With that being Said, for any forum Member in CT. I have these 4 juices you can come and collect from me free of charge if you want to try it and see if its any better for you.

Reactions: Like 1


----------



## Chukin'Vape (2/2/17)

Tockit said:


> I'm creating this thread so users can add their reviews of the new kid on the block. Old School Alchemist - @Old School Alchemist.
> 
> So after winning a 50% discount in the competition i ordered the 4 available flavours. Pineapple express, Chilled cherries, Spunky Peaches and Fudge brownie, in 0mg.
> 
> ...



Thanks for your comments on here - i'm reserving my review once I have spent some more time with all the juices. But in all honesty 0mg juice will never be as flavorful as the nicotine helps with the oxidization of the juice. But perhaps what this will tell Wesley is that he needs to tweak his recipe on the 0mg. It takes a great deal of effort to bring out a juice line, and we should support his journey.

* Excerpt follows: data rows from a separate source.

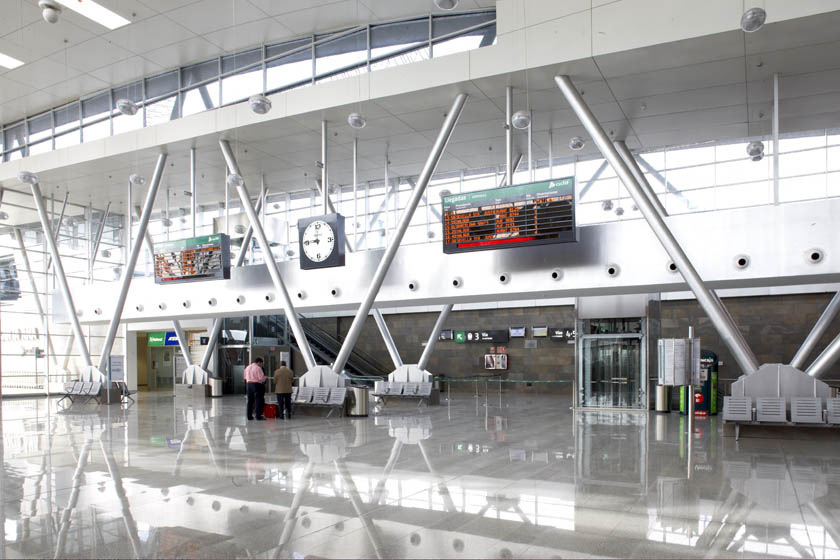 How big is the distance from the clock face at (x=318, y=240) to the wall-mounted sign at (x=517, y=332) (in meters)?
13.3

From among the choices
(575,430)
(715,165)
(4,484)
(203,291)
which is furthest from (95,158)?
(715,165)

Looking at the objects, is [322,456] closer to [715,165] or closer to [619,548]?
[619,548]

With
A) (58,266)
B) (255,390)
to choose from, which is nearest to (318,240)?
(255,390)

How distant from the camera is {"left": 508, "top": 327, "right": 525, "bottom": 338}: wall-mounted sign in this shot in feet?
94.5

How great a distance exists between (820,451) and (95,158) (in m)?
21.8

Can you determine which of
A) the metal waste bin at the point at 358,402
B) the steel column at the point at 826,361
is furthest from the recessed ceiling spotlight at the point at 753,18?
the metal waste bin at the point at 358,402

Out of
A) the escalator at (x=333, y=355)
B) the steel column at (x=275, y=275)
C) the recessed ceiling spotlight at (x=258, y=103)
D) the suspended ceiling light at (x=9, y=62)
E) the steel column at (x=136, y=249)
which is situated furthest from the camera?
the escalator at (x=333, y=355)

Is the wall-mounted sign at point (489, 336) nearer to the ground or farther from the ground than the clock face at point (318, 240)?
nearer to the ground

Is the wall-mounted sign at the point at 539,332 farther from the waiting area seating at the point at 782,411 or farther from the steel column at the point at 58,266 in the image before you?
the steel column at the point at 58,266

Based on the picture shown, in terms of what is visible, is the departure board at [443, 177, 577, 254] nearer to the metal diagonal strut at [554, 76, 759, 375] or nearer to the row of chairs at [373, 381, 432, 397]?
the metal diagonal strut at [554, 76, 759, 375]

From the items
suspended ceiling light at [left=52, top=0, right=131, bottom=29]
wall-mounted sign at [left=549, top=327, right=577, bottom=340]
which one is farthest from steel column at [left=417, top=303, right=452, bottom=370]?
suspended ceiling light at [left=52, top=0, right=131, bottom=29]

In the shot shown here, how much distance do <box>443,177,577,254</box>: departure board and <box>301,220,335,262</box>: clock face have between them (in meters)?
3.64

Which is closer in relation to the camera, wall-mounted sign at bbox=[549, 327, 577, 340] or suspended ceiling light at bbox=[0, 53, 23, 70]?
suspended ceiling light at bbox=[0, 53, 23, 70]

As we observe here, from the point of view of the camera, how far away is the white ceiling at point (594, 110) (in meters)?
13.3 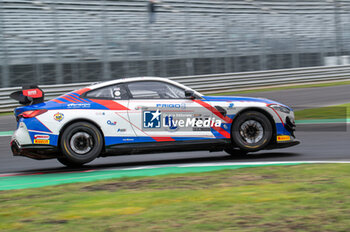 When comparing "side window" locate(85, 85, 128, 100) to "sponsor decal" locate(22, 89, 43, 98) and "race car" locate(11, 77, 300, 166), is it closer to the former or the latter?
"race car" locate(11, 77, 300, 166)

Reactions: Like 2 | Agree 2


----------



## MrDeedz (2/2/17)

@Tockit : Can you please advise us on what tank/mod was used and cranked at what wattage as well. thanks bud

Reactions: Like 1


----------



## shabbar (2/2/17)

out of the whole range i liked maybe 3 of them all

Reactions: Like 1


----------



## Tockit (2/2/17)

Chukin'Vape said:


> Thanks for your comments on here - i'm reserving my review once I have spent some more time with all the juices. But in all honesty 0mg juice will never be as flavorful as the nicotine helps with the oxidization of the juice. But perhaps what this will tell Wesley is that he needs to tweak his recipe on the 0mg. It takes a great deal of effort to bring out a juice line, and we should support his journey.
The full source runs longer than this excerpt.